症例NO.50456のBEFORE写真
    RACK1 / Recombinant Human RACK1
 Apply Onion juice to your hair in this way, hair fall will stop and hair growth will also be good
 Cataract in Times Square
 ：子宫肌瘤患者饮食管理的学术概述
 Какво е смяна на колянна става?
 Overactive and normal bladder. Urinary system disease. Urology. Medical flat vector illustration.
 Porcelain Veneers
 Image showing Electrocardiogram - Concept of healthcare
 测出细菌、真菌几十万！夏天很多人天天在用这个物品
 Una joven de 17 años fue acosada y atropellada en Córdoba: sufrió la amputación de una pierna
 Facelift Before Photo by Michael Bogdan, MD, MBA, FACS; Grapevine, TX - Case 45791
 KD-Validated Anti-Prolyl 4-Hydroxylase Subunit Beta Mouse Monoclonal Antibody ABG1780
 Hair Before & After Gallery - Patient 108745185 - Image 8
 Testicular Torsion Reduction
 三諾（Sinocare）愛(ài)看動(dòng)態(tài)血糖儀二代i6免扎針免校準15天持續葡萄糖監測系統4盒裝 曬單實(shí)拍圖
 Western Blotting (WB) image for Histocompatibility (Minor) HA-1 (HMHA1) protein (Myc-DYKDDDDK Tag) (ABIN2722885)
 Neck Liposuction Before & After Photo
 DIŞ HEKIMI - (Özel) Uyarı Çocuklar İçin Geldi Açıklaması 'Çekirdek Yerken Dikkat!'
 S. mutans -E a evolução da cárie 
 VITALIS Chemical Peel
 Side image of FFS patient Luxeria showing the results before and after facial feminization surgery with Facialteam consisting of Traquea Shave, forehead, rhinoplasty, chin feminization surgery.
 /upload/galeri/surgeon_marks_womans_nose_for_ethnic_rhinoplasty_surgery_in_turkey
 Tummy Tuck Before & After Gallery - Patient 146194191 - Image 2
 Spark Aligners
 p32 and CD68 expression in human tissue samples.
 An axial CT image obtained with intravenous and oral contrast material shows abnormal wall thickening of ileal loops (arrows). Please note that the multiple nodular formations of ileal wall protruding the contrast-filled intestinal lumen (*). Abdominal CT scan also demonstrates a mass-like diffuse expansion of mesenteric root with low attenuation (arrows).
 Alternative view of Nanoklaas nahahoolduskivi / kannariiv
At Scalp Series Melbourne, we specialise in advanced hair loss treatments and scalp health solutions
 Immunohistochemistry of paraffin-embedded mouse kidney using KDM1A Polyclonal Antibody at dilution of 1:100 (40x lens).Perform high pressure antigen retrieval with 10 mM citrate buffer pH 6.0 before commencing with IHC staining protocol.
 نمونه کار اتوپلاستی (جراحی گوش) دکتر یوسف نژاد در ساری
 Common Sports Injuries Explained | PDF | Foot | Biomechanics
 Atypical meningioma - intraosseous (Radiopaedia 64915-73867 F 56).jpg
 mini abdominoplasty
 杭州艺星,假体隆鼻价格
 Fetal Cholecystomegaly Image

====

* [Goal of the exercise]
Exactly how many lines in the data above contain the word "Photo"? Respond with the number and nothing more.

* [Reply]
2